|Year : 2009 | Volume
| Issue : 1 | Page : 52-54
Chronic kidney disease screening and renoprotection in type 2 diabetes
EI Agaba1, FH Puepet2, SO Ugoya2, PA Agaba3, R Adabe1, M Duguru1, AI Rowland2
1 Renal Unit, Department of Medicine, Jos University Teaching Hospital, Jos, Nigeria
2 Endocrinology Unit, Department of Medicine, Jos University Teaching Hospital, Jos, Nigeria
3 AIDS Preventive Initiative, Nigeria Center, Jos University Teaching Hospital, Jos, Nigeria
|Date of Acceptance||29-Aug-2008|
|Date of Web Publication||19-Sep-2009|
E I Agaba
Department of Medicine, Jos University Teaching Hospital, P.M.B. 2076, Jos
Source of Support: None, Conflict of Interest: None
| Abstract|| |
Background : Type 2 diabetes (T2D) is a major cause of chronic kidney disease. Control of hypertension and the use of angiotensin converting enzyme inhibitors (ACEI) and/or angiotensin II receptor blockers especially in those with proteinuria have been shown to protect against chronic kidney disease and delay its progression to kidney failure.
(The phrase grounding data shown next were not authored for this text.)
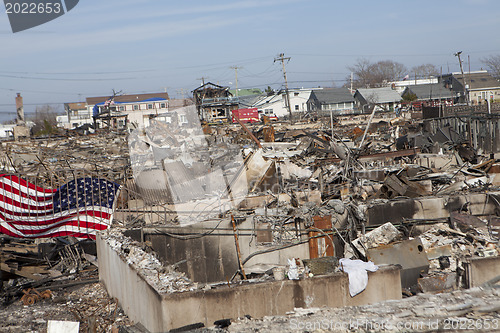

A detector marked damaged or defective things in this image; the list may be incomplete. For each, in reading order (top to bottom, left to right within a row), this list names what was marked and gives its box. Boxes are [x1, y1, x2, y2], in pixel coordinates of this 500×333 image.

burned rubble [0, 107, 500, 330]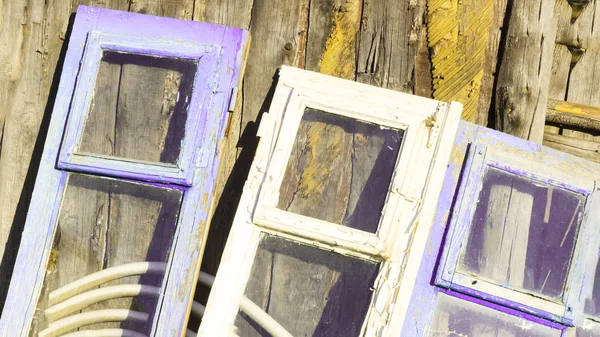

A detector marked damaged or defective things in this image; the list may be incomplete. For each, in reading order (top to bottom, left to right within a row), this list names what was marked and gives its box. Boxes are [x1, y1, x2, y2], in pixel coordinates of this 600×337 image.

chipped purple paint [0, 5, 247, 336]
chipped purple paint [400, 121, 600, 336]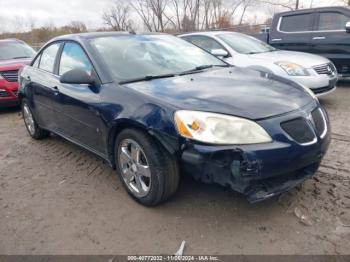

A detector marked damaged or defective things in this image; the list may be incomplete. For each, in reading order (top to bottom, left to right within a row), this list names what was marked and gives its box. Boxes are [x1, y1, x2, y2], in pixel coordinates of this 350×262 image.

damaged front bumper [180, 104, 330, 203]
Methods : We reviewed the medical records of 169 patients at 12 months with a view of auditing the screening for chronic kidney disease and the use of renoprotective measures.
Results : Urinalysis was done in 49.1% and serum creatinine in 50.3%. No patient had glomerular filtration rate estimated. Seventy nine (67.6%) of the hypertensive patients were on anti-hypertensives. ACEI was used in 49 (45.8%) of these patients BP control was optimal in 29.1%.
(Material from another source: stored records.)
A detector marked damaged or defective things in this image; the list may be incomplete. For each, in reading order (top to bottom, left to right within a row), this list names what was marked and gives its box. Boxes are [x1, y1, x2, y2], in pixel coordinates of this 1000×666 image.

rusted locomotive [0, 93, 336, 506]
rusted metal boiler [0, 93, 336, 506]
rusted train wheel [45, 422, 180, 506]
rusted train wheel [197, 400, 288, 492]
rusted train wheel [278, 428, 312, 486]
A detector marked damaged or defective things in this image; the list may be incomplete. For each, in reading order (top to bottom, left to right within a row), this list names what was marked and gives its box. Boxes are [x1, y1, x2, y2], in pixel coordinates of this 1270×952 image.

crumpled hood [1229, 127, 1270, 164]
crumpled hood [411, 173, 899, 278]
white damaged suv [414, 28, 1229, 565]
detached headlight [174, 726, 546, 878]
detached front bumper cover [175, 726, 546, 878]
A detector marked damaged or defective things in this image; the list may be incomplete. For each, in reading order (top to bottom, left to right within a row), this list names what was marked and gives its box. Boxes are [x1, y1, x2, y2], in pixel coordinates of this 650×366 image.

Conclusion : There is poor adherence to guidelines on chronic kidney disease screening and renoprotection in T2D.
| Abstract in French|| |
Fond : Le type 2 le diabète (T2D) est une cause importante de la maladie chronique de rein. La commande de l'hypertension et l'utilisation des inhibiteurs d'enzyme convertissants d'angiotensine (ACEI) et/ou des dresseurs de récepteur de l'angiotensine II particulièrement dans ceux avec le proteinuria ont été montrées pour se protéger contre la maladie chronique de rein et pour retarder sa progression à l'échec de rein.
Méthodes : Nous avons passé en revue les disques médicaux de 169 patients à 12 mois avec une vue d'auditer le criblage pour la maladie chronique de rein et l'utilisation des mesures renoprotective.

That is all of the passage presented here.